**Problem**
All of the lines below are to be transcribed faithfully, with pictures excluded from the copy.

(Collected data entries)
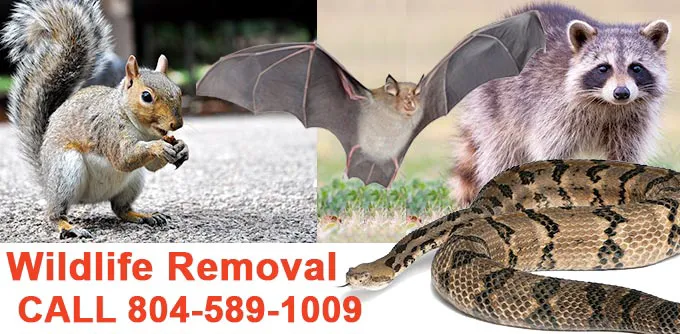PestNow of Central Virginia | Ruther Glen Picture 6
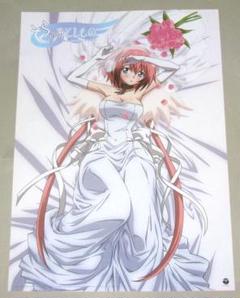 水無月すう先生直筆サイン入りポスター　そらのおとしもの 水無月すう先生直筆サイン入りポスター そらのおとしもの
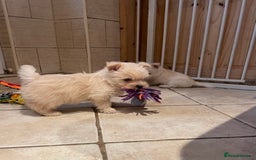 Cairn Terrier dogs for sale: Stunning cairn terrier puppies  - Image 1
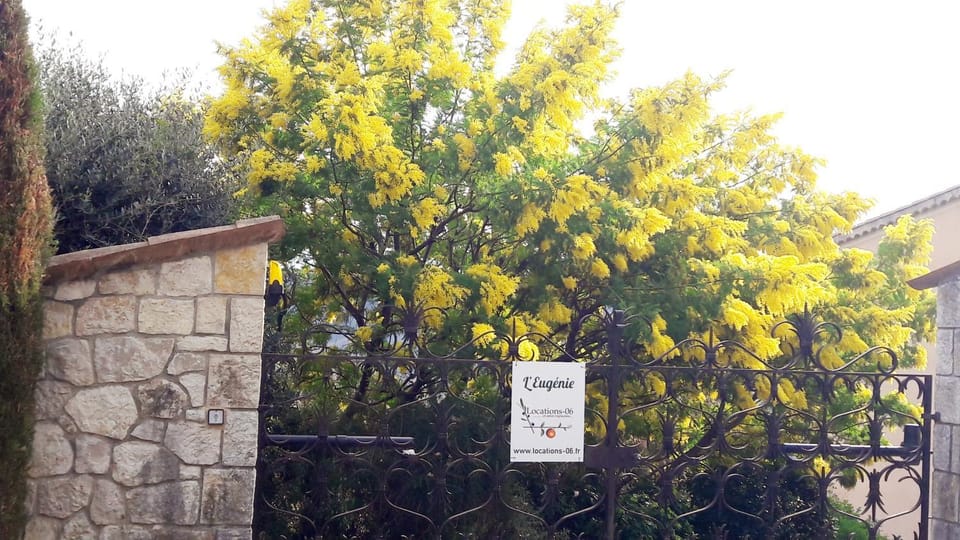Garden, Other
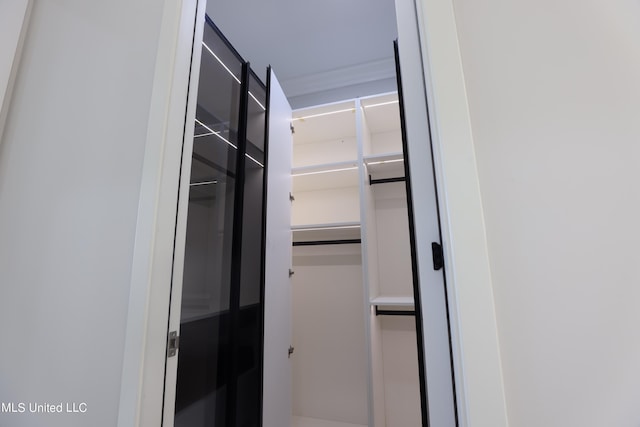 138 Genoa Dr, Madison, MS 39110 - view of walk in closet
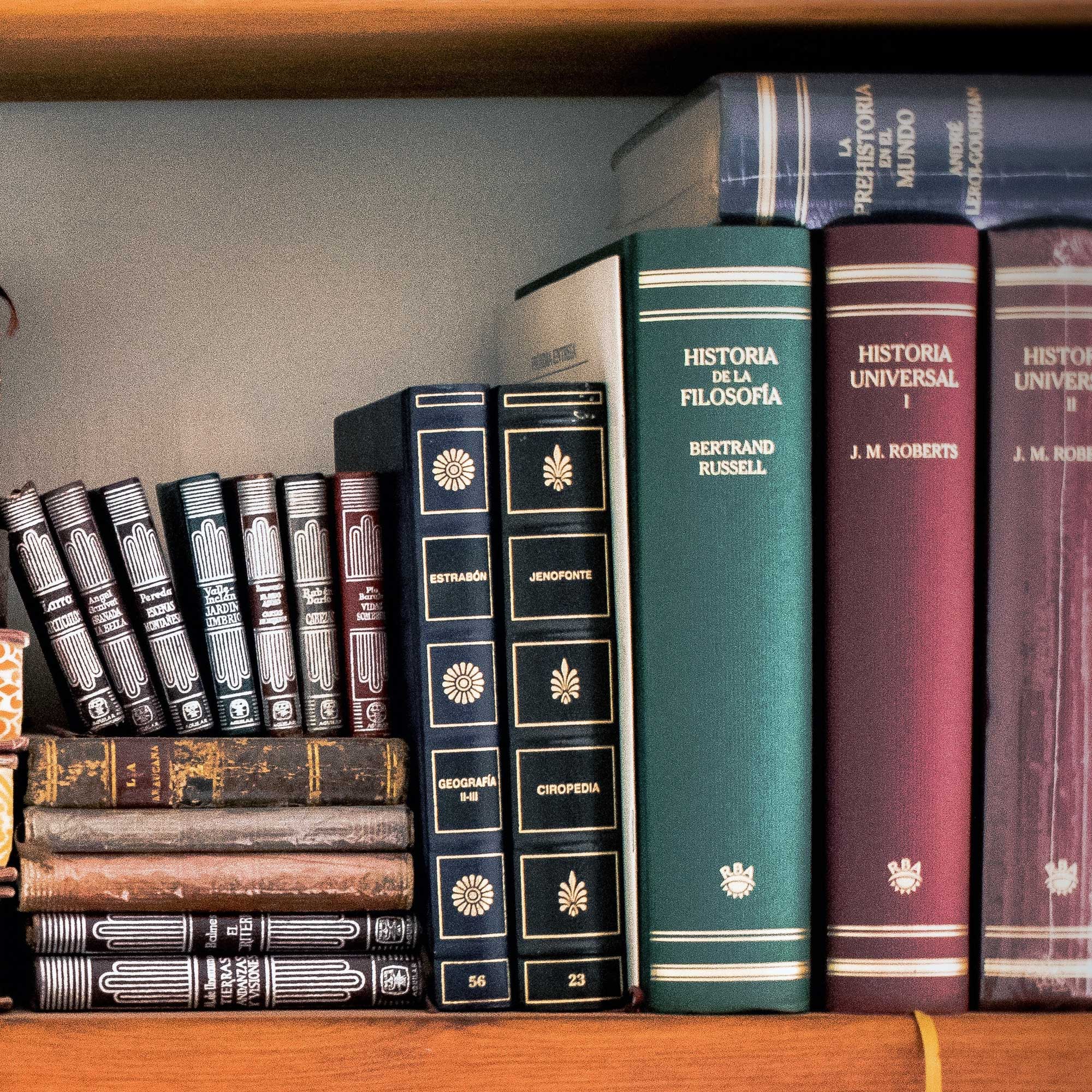 Imagen de unos libros apilados en una estantería.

**Answer section**
PestNow of Central Virginia | Ruther Glen Picture 6
 水無月すう先生直筆サイン入りポスター　そらのおとしもの 水無月すう先生直筆サイン入りポスター そらのおとしもの
 Cairn Terrier dogs for sale: Stunning cairn terrier puppies  - Image 1
Garden, Other
 138 Genoa Dr, Madison, MS 39110 - view of walk in closet
 Imagen de unos libros apilados en una estantería.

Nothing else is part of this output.